In a common course of action, we see organizations/institutions/politicians/posterboys/individual feminists falling over each other to take up the women’s cause. Hard as I try, I can’t find them anywhere now. Come on, where’ve you been hiding folks. The women of this country are looking up to you.
Only a few dozen hours before, Tourism and Culture Minister Mahesh Sharma had made that statement on “skirt” which caused a tsunami of revulsion in our public discourse. The poor minister kept reminding that he has only offered a viewpoint and there is no law being enacted and enforced. But the “freedom for women” brigade was already beside themselves in anger. The discussion even veered to the extent that why men are allowed to go in temples in bare torso while women are asked to drape themselves, from head to toe, in sarees. The common refrain was, that it’s women who would set the limit for women’s freedom—not men.
Then there is this case of Shani Shignapur Temple. Again there was a huge uproar on the matter of women’s entry into the temple. The matter went to the court. The Temple Trust kept sticking to their “no-entry” stand. But later it bowed down to the court’s order. The rights for women made a significant gain.
In the matter of women’s entry into Haji Ali, again a terrible din was created. Tripti Desai, who had promised to take the help of a chopper to enter Shaani Shignapur, did manage to enter Haaji Ali but only till to the point where all women are permitted. The courts did order the doors to be opened but the matter has now gone for a fresh appeal against.
However, interestingly, no well-known women activist opened a front on the matter of entry into Haji Ali. No women’s organization hit the streets. No women campaigner launched a campaign in social media.
“Kiss for Love” campaign is still fresh in everyone’s mind. A movement was launched in which boys and girls in towns and cities were asked to kiss in public to give expression to their rights for freedom of action. The social media managers of a political party actually took a frontal (pun intended) stance on the issue. The orgy of kisses took place on the Capital’s streets. Again the activists of women’s freedom had the same stance as ever: the freedom for women will be decided by women, not by men.
There was also this movement to tie sanitary pads on the trees inside University campus. Girls will marry or not; will have pre-marital sex or not; whether they be bisexuals or hetrosexuals—“My Choice” campaign for women’s freedom was hoisted on shoulders by these feminist activists. And why not, women’s freedom will be decided by women and not by men, right!

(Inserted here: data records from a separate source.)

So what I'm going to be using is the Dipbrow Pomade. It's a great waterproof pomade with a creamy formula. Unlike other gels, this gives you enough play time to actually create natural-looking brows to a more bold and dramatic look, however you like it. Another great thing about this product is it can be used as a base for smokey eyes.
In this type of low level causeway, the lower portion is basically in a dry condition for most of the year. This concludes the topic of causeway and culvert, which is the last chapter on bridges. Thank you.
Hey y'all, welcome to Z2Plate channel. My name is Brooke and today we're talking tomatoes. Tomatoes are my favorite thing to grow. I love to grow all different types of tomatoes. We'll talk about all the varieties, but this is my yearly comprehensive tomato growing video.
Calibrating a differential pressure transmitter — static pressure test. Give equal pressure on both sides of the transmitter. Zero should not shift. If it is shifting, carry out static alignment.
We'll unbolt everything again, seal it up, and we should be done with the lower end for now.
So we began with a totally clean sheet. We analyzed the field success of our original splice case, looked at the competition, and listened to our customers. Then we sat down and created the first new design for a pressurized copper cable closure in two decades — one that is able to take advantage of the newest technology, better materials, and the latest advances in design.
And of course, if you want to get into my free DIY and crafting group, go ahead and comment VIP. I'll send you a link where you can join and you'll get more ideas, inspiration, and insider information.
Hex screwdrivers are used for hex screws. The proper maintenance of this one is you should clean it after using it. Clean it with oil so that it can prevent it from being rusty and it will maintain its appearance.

So when it comes to Muslim Personal Law Board, where have these women feminists disappeared? Does fighting for Muslim women’s rights isn’t the same thing as fight for women’s rights of other communities? Did you see any mainstream social media campaign? Did you see mainstream media taking up the cause? Did you see any editorials in national newspapers? Did you see NGOs or foreign foundations come out in opposition?
So are we to believe that taking up the cause of women and individual freedom is just a tool for people/media/organizations who have their own agenda to pursue. All those statements, “Addas” amount to nothing but only personal advancement.
So, to use a sexist expression, the slip is showing.